— Information shown —
****************************************

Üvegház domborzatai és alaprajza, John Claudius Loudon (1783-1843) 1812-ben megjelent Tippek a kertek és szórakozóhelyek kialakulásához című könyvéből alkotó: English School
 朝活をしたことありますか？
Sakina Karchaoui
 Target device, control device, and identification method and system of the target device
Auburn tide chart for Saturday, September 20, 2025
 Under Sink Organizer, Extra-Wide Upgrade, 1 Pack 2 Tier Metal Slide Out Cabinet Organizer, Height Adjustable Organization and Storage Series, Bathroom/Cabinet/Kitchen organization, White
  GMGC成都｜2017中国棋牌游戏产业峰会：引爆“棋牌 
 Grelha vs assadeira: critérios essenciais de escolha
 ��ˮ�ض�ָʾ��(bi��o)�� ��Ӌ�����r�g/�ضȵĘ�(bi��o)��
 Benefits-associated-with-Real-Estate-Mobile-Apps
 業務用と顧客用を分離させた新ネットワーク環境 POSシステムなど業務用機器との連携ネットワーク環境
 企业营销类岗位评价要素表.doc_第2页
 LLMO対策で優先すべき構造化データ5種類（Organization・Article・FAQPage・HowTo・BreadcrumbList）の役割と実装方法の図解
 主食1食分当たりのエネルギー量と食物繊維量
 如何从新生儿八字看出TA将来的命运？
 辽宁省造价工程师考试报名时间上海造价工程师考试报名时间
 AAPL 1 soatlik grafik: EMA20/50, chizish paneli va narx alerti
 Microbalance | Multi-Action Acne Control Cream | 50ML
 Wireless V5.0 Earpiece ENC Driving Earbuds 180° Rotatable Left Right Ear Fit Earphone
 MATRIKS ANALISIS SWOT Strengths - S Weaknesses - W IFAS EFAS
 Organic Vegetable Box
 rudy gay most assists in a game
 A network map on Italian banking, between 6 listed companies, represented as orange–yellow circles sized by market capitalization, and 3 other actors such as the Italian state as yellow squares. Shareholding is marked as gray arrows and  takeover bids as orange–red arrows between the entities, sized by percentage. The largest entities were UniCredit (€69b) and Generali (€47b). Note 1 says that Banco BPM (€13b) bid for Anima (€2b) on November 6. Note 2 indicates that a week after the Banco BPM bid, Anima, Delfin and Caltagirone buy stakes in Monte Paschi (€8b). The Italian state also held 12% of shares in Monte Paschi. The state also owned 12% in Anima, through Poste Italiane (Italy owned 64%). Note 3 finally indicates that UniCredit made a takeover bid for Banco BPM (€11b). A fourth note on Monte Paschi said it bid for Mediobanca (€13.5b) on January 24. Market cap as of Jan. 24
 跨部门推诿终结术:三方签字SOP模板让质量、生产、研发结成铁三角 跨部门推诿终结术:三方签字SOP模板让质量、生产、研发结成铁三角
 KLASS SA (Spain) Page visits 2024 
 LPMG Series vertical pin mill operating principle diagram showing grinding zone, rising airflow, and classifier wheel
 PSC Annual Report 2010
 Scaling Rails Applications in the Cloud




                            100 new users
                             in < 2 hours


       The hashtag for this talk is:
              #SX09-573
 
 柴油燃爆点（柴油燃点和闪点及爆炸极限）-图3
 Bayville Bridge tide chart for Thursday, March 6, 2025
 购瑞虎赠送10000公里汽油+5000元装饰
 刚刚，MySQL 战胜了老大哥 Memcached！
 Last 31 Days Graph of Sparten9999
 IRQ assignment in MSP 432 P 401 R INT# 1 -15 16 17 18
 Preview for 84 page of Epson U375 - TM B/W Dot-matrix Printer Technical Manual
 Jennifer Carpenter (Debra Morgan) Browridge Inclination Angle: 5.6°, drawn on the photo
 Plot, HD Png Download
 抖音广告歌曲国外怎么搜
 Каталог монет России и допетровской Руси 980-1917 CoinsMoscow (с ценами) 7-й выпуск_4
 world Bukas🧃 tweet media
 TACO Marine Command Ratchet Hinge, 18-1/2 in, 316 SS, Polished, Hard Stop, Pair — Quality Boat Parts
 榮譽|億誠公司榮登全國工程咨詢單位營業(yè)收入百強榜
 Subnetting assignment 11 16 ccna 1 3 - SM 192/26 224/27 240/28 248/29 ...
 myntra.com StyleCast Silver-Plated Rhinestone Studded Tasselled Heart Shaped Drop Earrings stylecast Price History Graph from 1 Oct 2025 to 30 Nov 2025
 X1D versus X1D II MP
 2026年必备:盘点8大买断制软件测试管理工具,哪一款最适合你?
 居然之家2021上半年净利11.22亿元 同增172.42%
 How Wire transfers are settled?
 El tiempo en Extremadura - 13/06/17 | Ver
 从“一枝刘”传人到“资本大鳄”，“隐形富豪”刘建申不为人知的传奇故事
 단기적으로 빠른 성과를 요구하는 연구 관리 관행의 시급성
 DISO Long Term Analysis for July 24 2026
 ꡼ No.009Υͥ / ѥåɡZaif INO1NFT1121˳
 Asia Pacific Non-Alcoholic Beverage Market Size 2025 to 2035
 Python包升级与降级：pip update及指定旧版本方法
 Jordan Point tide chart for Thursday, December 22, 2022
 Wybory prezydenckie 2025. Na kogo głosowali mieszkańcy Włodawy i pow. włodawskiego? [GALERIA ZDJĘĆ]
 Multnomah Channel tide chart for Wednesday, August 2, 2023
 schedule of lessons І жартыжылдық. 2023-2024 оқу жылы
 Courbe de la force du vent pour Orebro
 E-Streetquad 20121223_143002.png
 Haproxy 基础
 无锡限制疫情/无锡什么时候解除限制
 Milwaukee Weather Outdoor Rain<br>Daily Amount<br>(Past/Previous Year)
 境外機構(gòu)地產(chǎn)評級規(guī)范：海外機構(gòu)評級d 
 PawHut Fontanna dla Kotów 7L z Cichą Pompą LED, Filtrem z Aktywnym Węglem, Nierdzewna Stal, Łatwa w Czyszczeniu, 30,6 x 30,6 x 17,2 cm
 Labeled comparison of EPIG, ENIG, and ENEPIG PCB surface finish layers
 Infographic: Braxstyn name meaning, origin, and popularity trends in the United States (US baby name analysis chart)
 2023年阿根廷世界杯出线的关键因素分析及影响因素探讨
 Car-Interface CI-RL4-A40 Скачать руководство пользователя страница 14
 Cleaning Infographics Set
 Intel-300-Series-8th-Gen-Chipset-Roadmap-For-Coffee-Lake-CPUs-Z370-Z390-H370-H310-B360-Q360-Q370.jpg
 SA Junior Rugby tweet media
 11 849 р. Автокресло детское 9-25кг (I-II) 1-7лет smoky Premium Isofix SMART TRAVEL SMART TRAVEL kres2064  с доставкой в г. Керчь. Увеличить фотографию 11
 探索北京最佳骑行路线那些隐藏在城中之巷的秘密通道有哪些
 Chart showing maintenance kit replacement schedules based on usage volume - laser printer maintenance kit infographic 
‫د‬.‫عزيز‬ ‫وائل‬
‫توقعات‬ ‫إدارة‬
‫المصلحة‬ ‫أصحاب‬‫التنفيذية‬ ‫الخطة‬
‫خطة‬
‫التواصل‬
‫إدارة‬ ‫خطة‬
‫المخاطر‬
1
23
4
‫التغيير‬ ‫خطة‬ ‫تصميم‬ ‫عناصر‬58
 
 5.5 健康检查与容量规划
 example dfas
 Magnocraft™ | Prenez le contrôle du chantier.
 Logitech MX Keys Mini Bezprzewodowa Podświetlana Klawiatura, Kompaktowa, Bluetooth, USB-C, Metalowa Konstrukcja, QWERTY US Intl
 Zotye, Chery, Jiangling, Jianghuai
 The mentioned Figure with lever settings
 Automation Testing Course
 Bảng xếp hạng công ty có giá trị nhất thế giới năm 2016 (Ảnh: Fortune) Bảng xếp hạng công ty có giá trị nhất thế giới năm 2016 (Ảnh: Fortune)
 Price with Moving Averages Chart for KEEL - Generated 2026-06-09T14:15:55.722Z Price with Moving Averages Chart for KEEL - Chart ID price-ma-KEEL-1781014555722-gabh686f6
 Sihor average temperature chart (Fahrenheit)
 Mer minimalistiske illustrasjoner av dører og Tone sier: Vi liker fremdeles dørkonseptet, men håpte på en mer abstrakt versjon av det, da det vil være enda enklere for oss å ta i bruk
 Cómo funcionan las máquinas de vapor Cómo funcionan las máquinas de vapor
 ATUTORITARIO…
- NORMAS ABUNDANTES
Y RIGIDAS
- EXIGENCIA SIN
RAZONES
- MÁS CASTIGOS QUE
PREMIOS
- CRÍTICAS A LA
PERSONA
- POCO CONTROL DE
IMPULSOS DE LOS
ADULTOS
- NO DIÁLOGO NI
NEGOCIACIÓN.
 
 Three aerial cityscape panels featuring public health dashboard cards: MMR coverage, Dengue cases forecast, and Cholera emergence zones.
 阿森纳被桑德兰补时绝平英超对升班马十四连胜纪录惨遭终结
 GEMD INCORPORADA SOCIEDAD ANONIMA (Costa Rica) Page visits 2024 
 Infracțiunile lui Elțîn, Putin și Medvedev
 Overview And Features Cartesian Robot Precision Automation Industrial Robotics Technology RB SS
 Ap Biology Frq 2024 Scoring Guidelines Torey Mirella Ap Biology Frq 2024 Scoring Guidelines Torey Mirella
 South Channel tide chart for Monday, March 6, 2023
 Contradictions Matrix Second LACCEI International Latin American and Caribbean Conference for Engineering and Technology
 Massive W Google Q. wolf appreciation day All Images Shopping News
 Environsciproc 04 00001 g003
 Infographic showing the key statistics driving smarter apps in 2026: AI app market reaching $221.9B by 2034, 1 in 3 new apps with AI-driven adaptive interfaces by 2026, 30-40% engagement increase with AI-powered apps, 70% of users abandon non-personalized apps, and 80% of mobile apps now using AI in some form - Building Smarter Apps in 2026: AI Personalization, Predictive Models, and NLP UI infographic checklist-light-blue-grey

****************************************

— Action item —
The total, and nothing more: how many lines in the entries contain "Automation"?

— Solution —
2